[Excerpts from a dataset]
----------

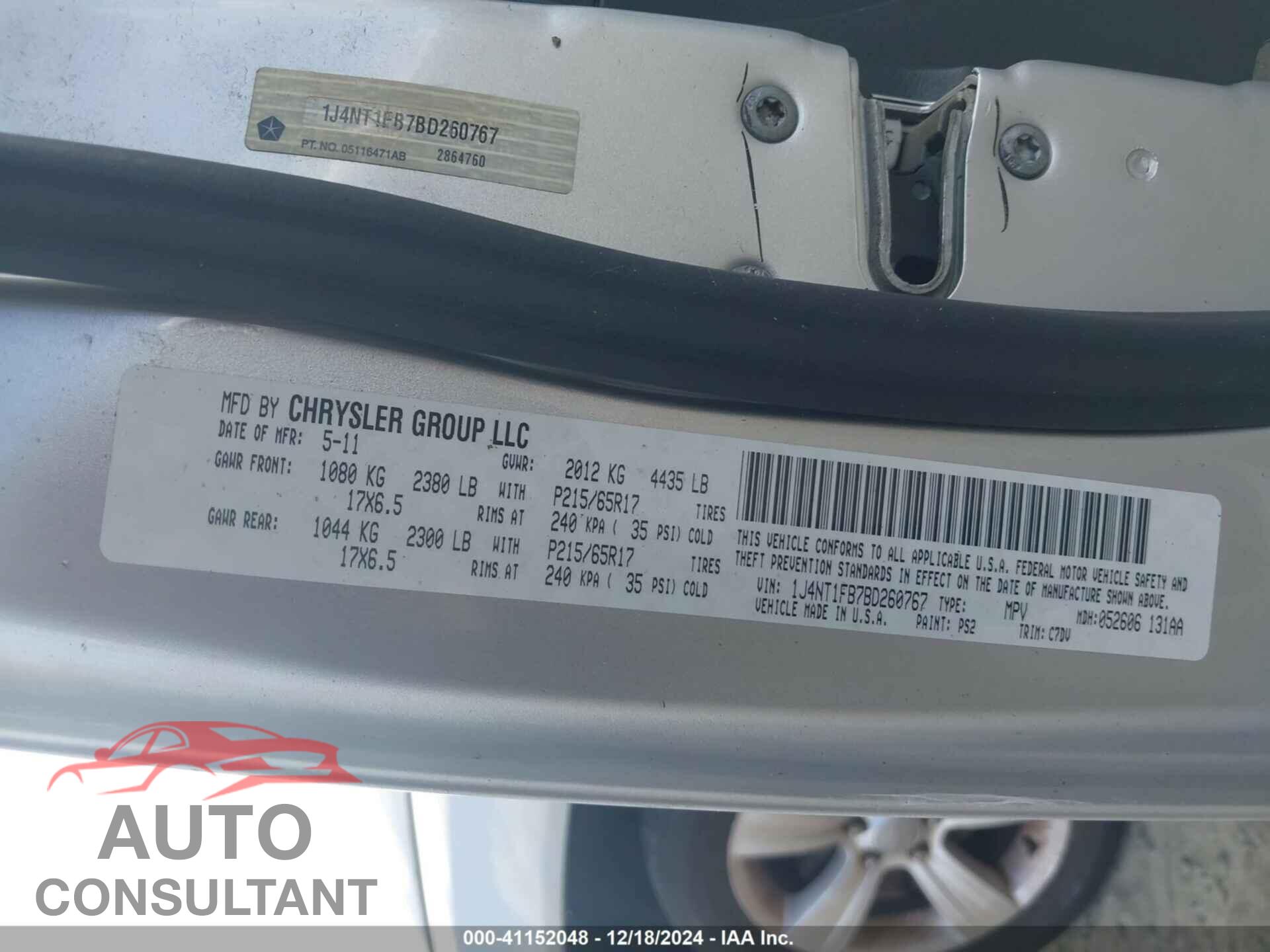 JEEP COMPASS 2011 - 1J4NT1FB7BD260767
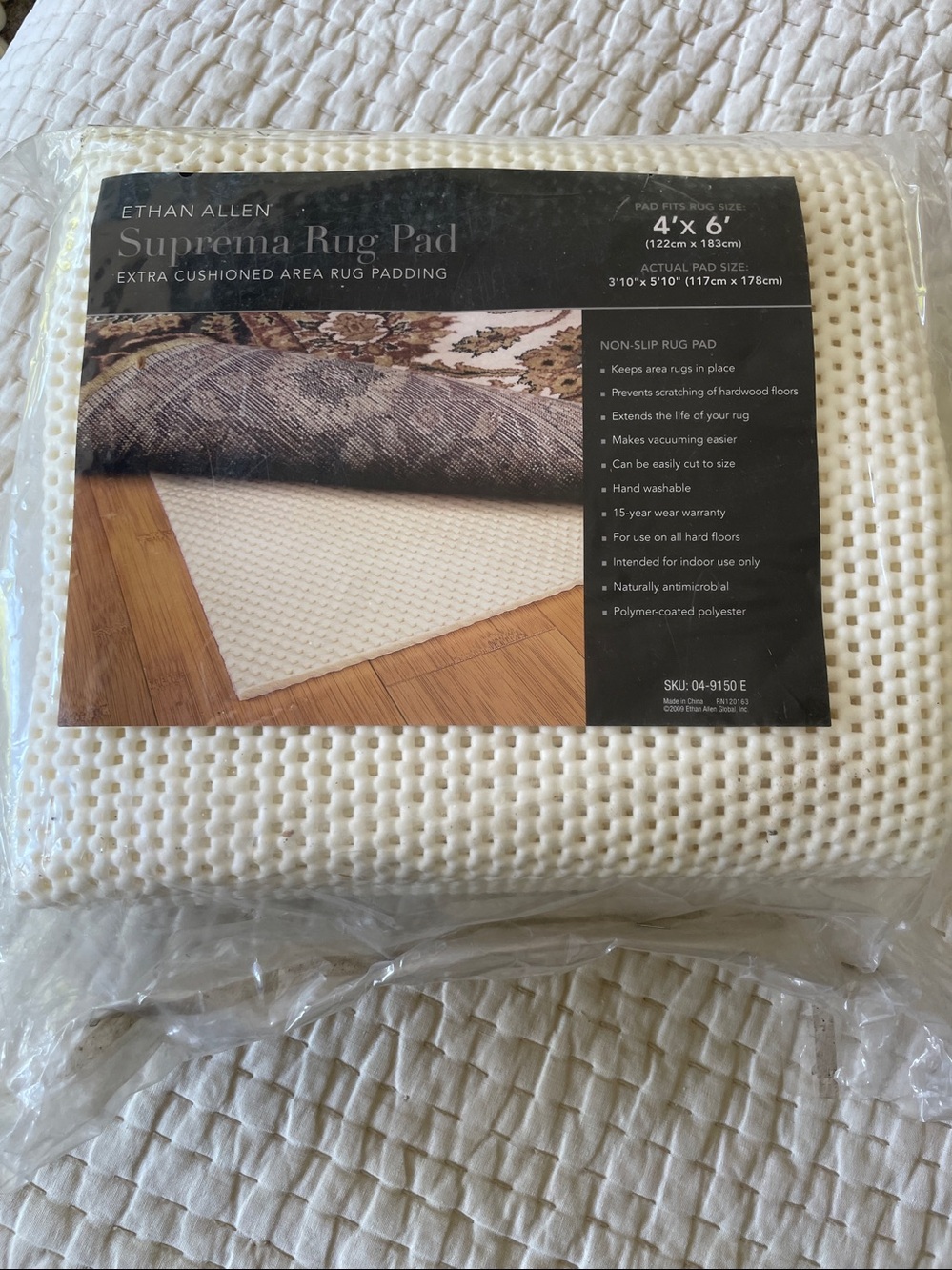 Ethan Allen 4 x 6 Suprema rug pad, extra cushioned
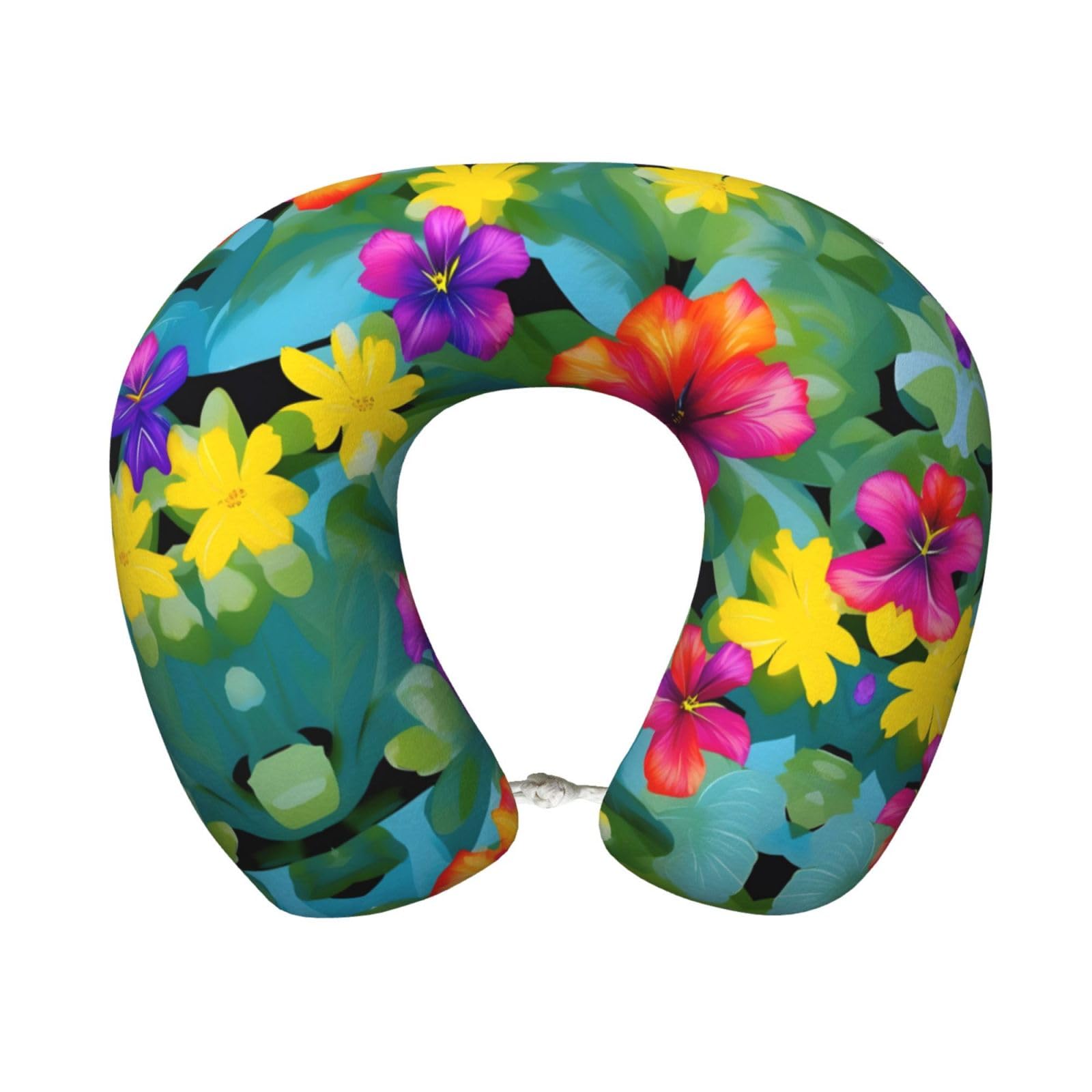 peiyeety Hawaiian Colorful Flower Print Custom U-Shaped Pillow,Memory Foam Cervical Neck Travel Pillow,for Home,Camping,Travelling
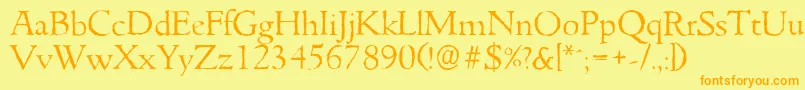 GouditaantiqueLightRegular Font – Orange Fonts on Yellow Background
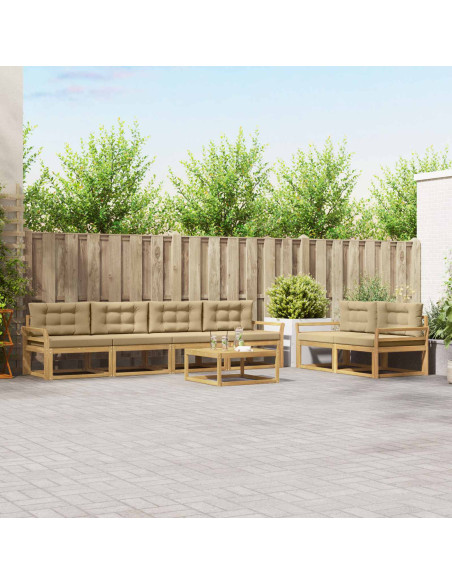Set di divani da esterno con cuscino 6 pcs Bianco e Beige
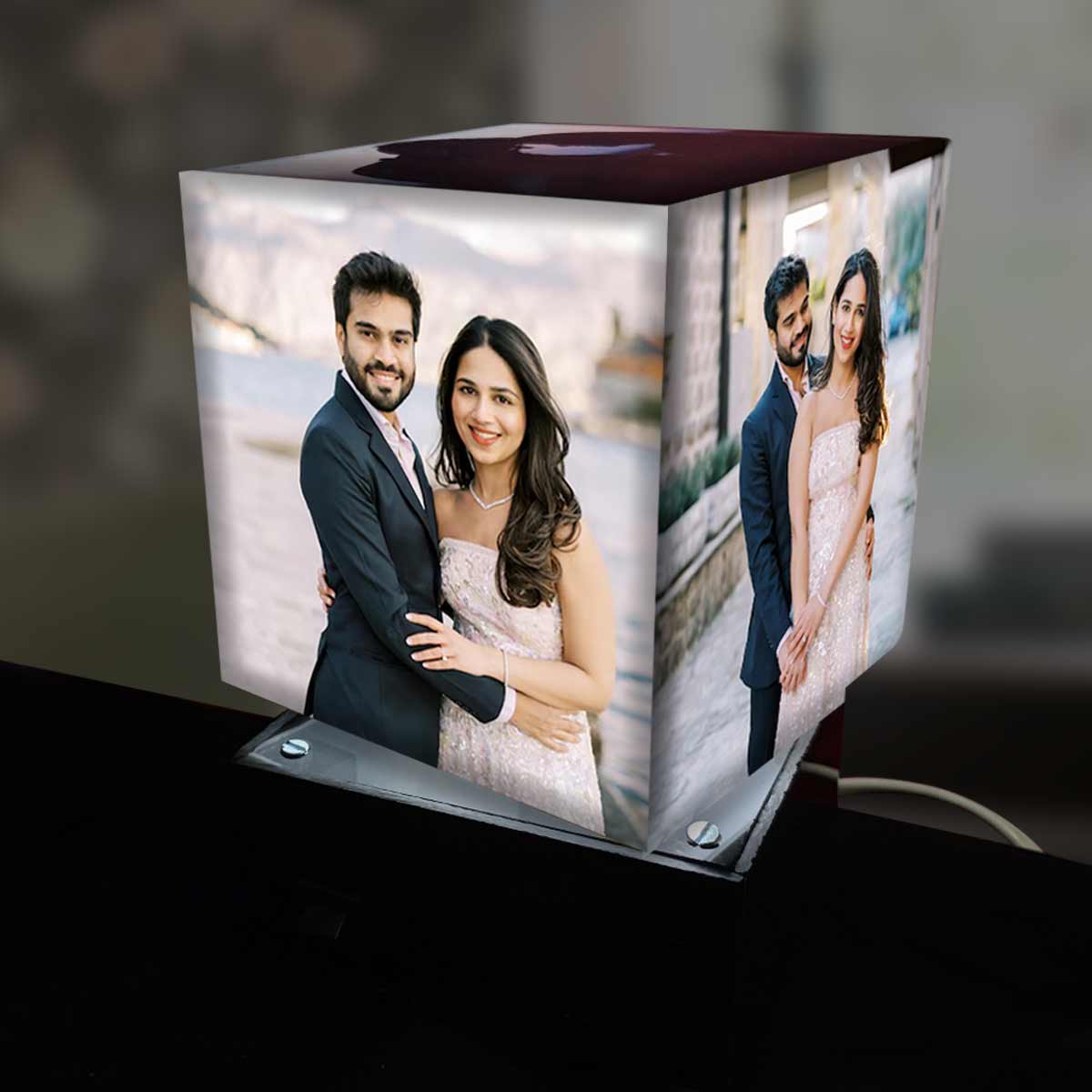 Personalised Rotating Cube Lamp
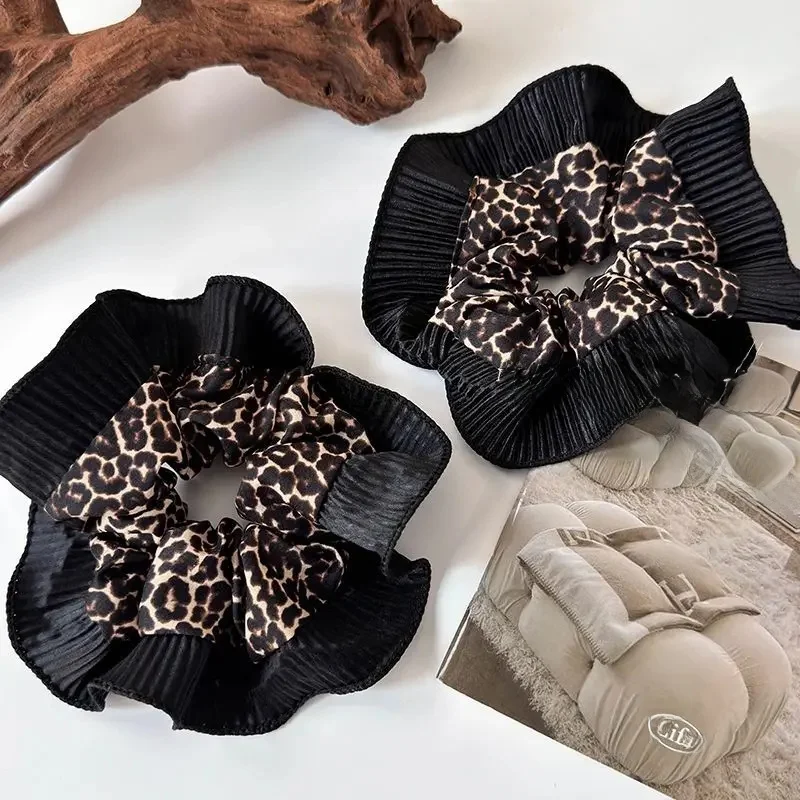 Koronkowa opaska do włosów w stylu retro w panterkę, moda damska, niszowy design, temperamentna gumka do włosów, nowy, wysokiej klasy pierścień na jelito grubo — zdjęcie 2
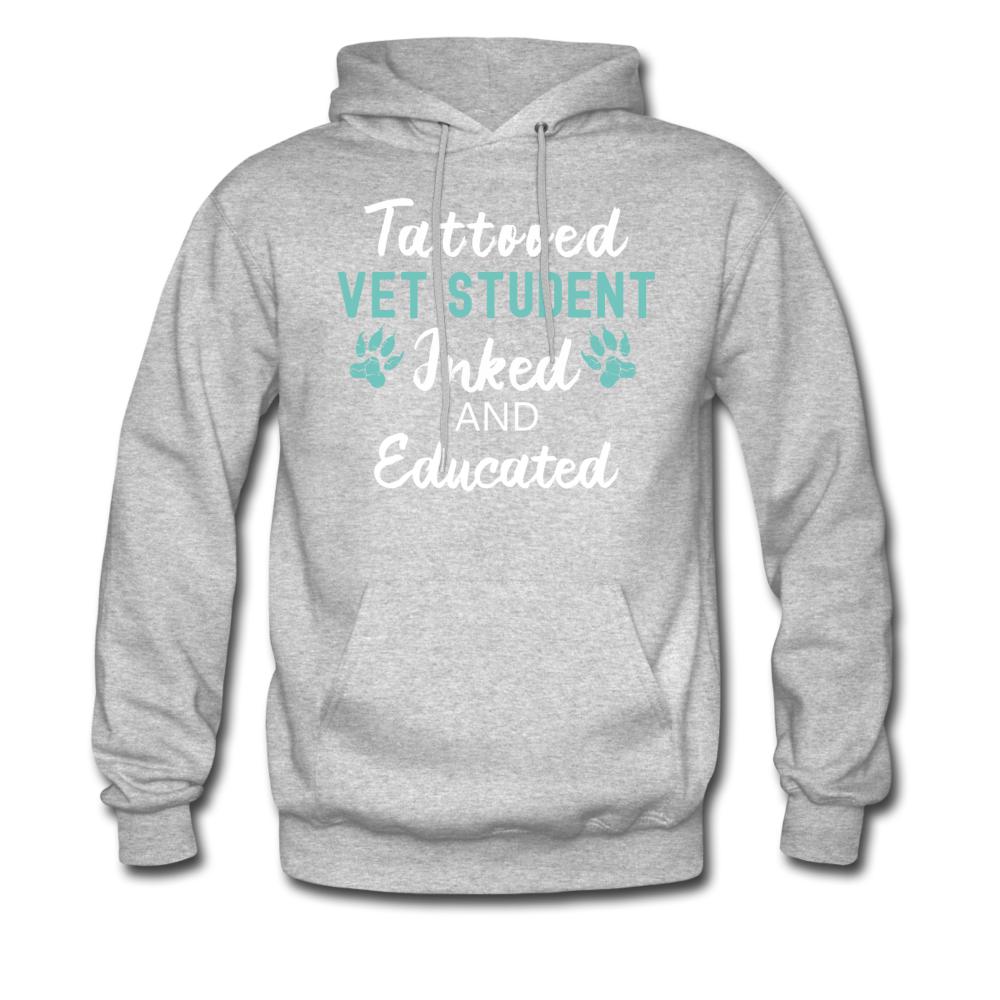 Vet Student Inked and Educated Unisex Hoodie-Men's Hoodie | Hanes P170-I love Veterinary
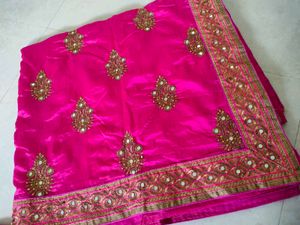 Pink Embroidered Saree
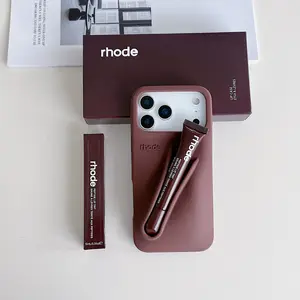 RHODE Lipstick Pocket Silicone Case for iPhone 11 12 13 14 15 16 17 Pro Max, Shockproof Protective Cover with Cute Aesthetic Beauty Style
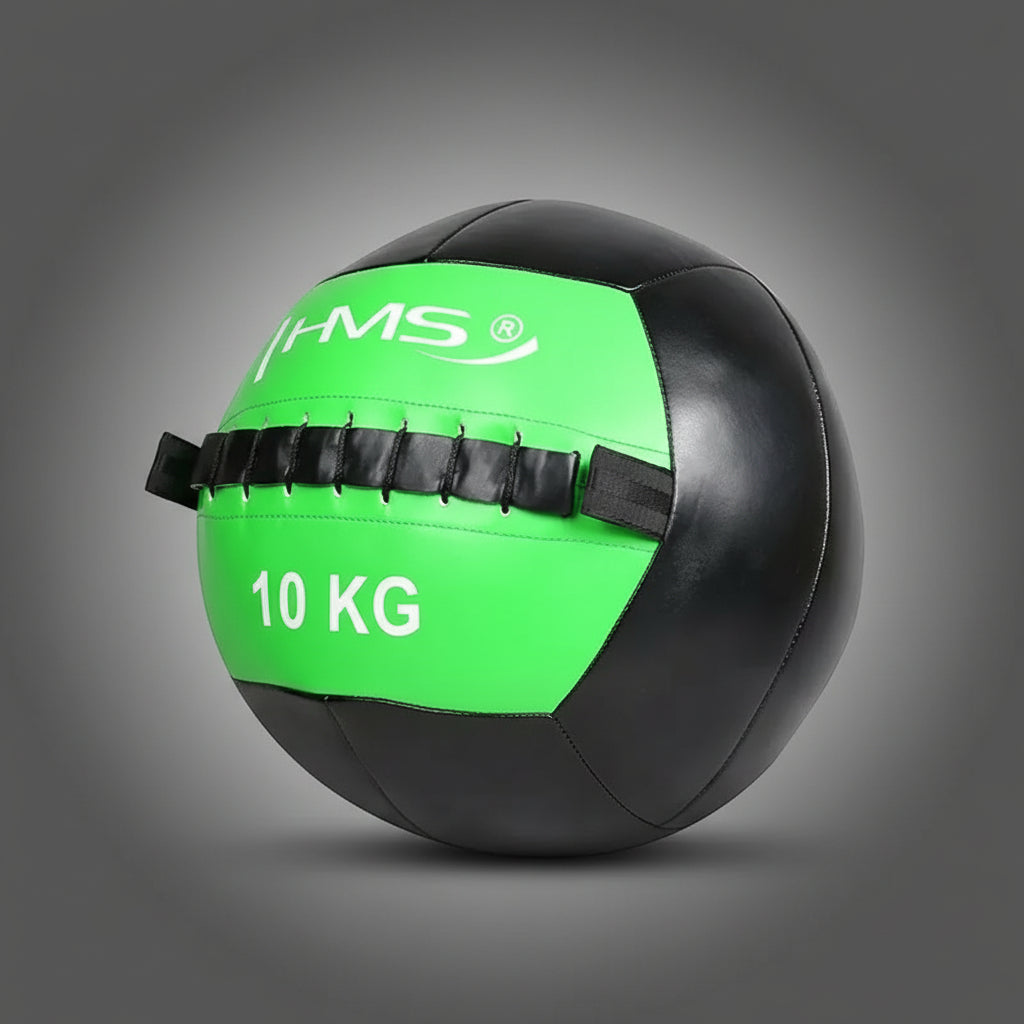 HMS WLB 10 kg wall ball medicinlabda zöld-fekete színben, funkcionális edzéshez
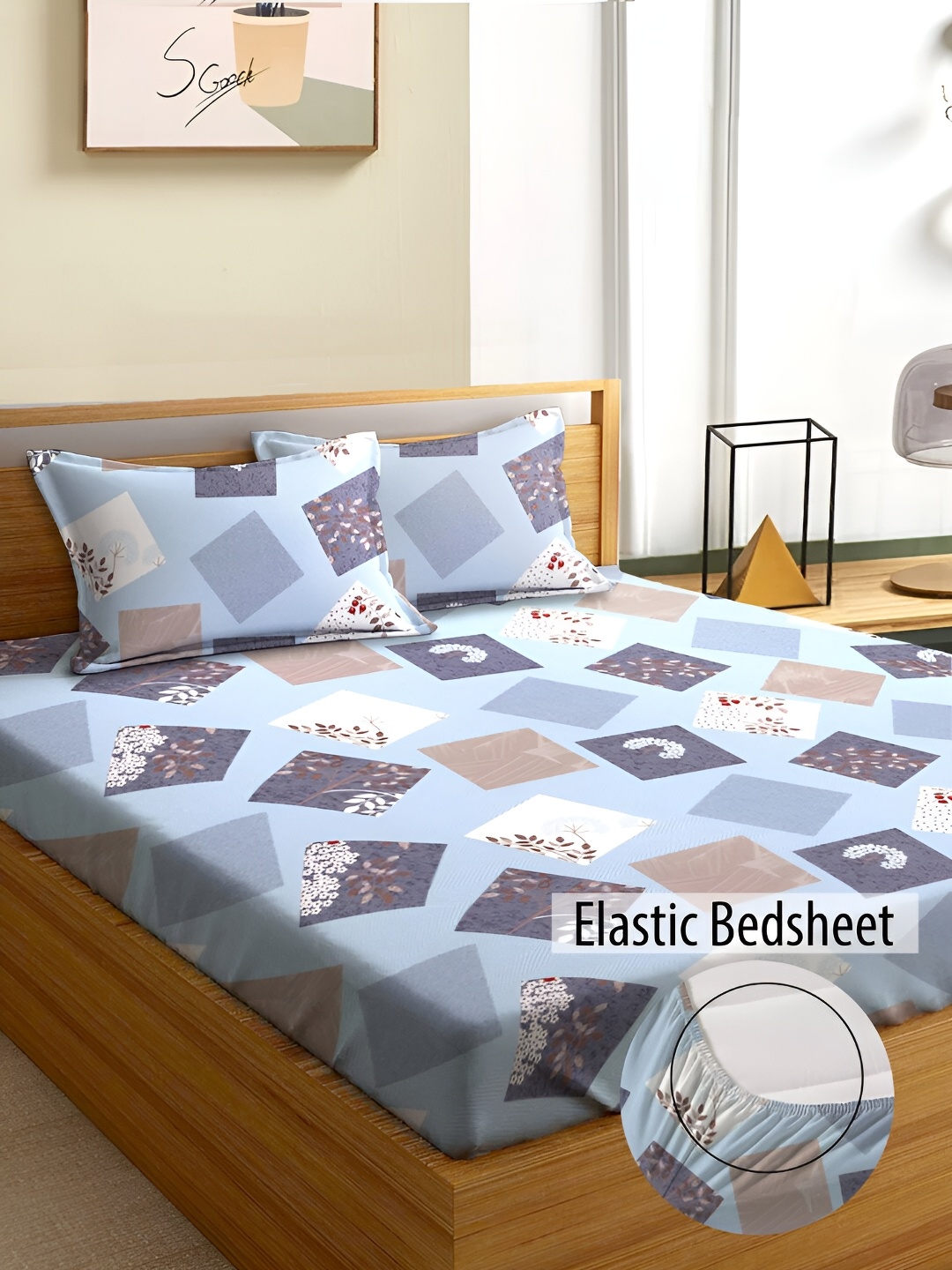 Aura Blue & Brown Abstract Printed 180 TC Queen Bedsheet With 2 Pillow Covers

----------

• _Directions_
Write every record out again exactly, omitting the pictures they hold.

• _Output below_
 JEEP COMPASS 2011 - 1J4NT1FB7BD260767
 Ethan Allen 4 x 6 Suprema rug pad, extra cushioned
 peiyeety Hawaiian Colorful Flower Print Custom U-Shaped Pillow,Memory Foam Cervical Neck Travel Pillow,for Home,Camping,Travelling
 GouditaantiqueLightRegular Font – Orange Fonts on Yellow Background
Set di divani da esterno con cuscino 6 pcs Bianco e Beige
 Personalised Rotating Cube Lamp
 Koronkowa opaska do włosów w stylu retro w panterkę, moda damska, niszowy design, temperamentna gumka do włosów, nowy, wysokiej klasy pierścień na jelito grubo — zdjęcie 2
 Vet Student Inked and Educated Unisex Hoodie-Men's Hoodie | Hanes P170-I love Veterinary
 Pink Embroidered Saree
 RHODE Lipstick Pocket Silicone Case for iPhone 11 12 13 14 15 16 17 Pro Max, Shockproof Protective Cover with Cute Aesthetic Beauty Style
 HMS WLB 10 kg wall ball medicinlabda zöld-fekete színben, funkcionális edzéshez
 Aura Blue & Brown Abstract Printed 180 TC Queen Bedsheet With 2 Pillow Covers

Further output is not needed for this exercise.